In [9]: %%timeit # using list.index
   ....: check_list(lst, 5, 10000)
   ....:
100 loops, best of 3: 7.6 ms per loop

In [11]: %%timeit # islice
   ....: check_list(lst, 5, 10000)
   ....:
100 loops, best of 3: 6.7 ms per loop

Answer 2

You could use the second argument of index to find the subsequent indices of occurrences:

def check_list(l, x, n):
    i = 0
    try:
        for _ in range(n):
            i = l.index(x, i)+1
        return True
    except ValueError:
        return False

print( check_list([1,3,2,3,4,0,8,3,7,3,1,1,0], 3, 4) )

About index arguments

The official documentation does not mention in its Python Tutuorial, section 5 the method's second or third argument, but you can find it in the more comprehensive Python Standard Library, section 4.6 :

s.index(x[, i[, j]]) index of the first occurrence of x in s (at or after index i and before index j ) ⁽⁸⁾

⁽⁸⁾ index raises ValueError when x is not found in s . When supported, the additional arguments to the index method allow efficient searching of subsections of the sequence. Passing the extra arguments is roughly equivalent to using s[i:j].index(x) , only without copying any data and with the returned index being relative to the start of the sequence rather than the start of the slice.

Performance Comparison

In comparing this list.index method with the islice(gen) method, the most important factor is the distance between the occurrences to be found.

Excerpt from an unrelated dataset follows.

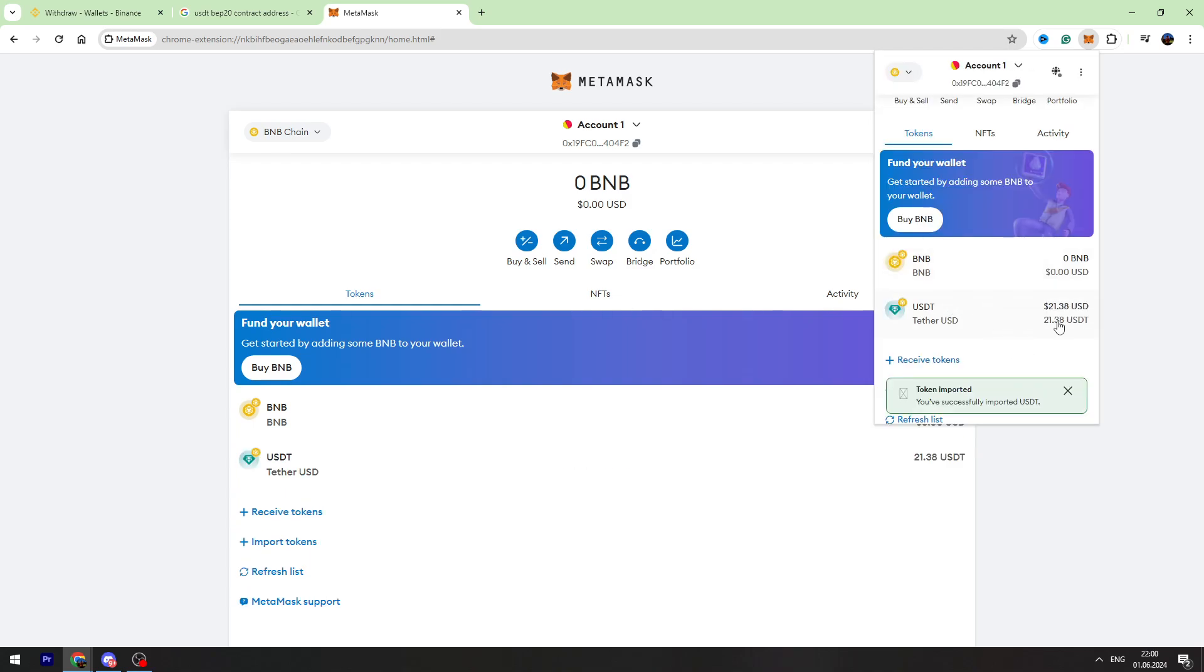Let's click Next and click Import. As you can see, I received my money on my MetaMask USDT wallet. Here is my 21.38 USDT.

Once that distance is on average 13 or more, the list.index has a better performance. For lower distances, the fastest method also depends on the number of occurrences to find. The more occurrences to find, the sooner the islice(gen) method outperforms list.index in terms of average distance: this gain fades out when the number of occurrences becomes really large.

The following graph draws the (approximate) border line, at which both methods perform equally well (the X-axis is logarithmic):

Answer 3

Ultimately short circuiting is the way to go if you expect a significant number of cases will lead to early termination. Let's explore the possibilities:

Take the case of the list.index method versus the list.count method (these were the two fastest according to my testing, although ymmv)

For list.index if the list contains n or more of x and the method is called n times. Whilst within the list.index method, execution is very fast, allowing for much faster iteration than the custom generator. If the occurances of x are far enough apart, a large speedup will be seen from the lower level execution of index . If instances of x are close together (shorter list / more common x's), much more of the time will be spent executing the slower python code that mediates the rest of the function (looping over n and incrementing i )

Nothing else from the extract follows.